Covver is the “data processor” of its End-Users and Client
Users’ Personal Information, as submitted or otherwise provided to
us by our Client and/or Client Users and/or End-Users. We process such
data on behalf of our Client (who in turn is the “data
controller” of such data) and in accordance with its reasonable
instructions, and our commercial agreements with such Client.

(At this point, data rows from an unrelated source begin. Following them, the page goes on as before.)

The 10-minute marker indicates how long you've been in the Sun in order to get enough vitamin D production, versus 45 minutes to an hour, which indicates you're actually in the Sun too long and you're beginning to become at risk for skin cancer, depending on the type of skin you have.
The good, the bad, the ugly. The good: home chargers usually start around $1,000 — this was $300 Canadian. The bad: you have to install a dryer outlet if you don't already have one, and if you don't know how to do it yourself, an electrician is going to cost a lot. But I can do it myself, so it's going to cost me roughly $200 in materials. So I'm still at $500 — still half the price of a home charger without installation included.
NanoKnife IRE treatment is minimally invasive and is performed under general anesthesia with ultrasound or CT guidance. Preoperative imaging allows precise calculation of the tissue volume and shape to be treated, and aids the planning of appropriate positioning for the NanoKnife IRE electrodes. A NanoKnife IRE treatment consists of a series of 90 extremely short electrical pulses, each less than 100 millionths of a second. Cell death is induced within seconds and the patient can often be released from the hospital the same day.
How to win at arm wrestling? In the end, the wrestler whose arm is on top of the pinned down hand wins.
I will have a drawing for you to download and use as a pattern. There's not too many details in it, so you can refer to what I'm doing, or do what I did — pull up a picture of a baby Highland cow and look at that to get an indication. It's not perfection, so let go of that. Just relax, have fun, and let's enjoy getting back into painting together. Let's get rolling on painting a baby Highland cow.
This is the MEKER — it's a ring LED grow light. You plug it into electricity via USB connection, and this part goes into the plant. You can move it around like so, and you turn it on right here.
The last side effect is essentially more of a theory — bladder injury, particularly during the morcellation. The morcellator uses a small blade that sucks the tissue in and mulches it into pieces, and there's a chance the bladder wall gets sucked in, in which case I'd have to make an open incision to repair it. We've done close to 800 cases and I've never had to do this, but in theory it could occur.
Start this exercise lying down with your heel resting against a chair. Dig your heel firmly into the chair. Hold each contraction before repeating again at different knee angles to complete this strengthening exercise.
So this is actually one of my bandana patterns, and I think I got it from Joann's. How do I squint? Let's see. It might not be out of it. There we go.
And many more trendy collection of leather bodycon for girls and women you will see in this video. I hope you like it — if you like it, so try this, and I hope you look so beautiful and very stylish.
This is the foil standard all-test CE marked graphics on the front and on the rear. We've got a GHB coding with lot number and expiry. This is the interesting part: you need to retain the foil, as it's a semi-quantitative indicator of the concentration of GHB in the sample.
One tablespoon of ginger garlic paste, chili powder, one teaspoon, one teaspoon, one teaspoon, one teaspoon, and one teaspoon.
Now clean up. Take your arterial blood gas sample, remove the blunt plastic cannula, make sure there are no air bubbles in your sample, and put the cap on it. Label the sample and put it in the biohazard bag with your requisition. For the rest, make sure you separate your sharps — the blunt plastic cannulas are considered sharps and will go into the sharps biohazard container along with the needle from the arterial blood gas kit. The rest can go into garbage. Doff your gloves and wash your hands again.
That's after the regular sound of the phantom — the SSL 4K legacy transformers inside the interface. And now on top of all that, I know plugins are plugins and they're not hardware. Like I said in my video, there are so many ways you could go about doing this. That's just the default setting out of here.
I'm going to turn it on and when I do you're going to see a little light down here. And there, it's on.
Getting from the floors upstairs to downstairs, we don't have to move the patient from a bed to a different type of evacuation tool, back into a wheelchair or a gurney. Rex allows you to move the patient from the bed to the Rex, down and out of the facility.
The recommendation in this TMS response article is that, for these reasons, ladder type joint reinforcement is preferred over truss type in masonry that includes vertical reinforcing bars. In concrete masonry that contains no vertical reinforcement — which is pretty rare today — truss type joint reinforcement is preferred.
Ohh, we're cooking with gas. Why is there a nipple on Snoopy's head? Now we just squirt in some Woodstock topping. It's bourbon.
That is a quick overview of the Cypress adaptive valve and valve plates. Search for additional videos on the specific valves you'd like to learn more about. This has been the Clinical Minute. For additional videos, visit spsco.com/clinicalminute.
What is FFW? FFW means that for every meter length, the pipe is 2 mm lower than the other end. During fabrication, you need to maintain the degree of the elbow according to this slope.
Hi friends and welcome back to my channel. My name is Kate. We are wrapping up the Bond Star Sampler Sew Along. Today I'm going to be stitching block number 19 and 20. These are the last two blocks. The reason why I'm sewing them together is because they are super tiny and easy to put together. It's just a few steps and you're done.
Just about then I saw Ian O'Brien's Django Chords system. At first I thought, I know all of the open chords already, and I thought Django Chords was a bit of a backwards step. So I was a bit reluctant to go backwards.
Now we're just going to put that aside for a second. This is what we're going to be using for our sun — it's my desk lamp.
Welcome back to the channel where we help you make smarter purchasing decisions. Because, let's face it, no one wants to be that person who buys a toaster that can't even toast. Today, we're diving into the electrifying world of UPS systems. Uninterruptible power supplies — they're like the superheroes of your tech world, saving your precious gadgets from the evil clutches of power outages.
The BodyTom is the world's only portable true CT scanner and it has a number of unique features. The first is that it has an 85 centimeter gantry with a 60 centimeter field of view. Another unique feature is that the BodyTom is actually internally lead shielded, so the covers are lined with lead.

Our Clients are solely responsible for determining whether and how they
wish to use our Services, and for ensuring that all individuals using the
Services on the Client’s behalf or at their request, as well as all
individuals whose personal data may be included in any Personal
Information processed through the Services, have been provided with
adequate notice and given informed consent to the processing of their
Personal Information, where such consent is necessary or advised, and that
all legal requirements applicable to the collection, use or other
processing of data through our Services are fully met by the Client. Our
Clients are also responsible for handling data subject rights requests
under applicable law, by their Client Users and other individuals whose
data they process through the Services (and accordingly, if you are a
Client User or other individual whose Personal Information was provided to
us in connection with Client’s use of the Services, Covver does not
provide to you the rights set forth in Section 8 above).
If you would like to make any requests or queries regarding Personal
Information we process as a data processor on our Client’s behalf,
including accessing, correcting, or deleting your data, please contact the
Client and/or an applicable Client User directly.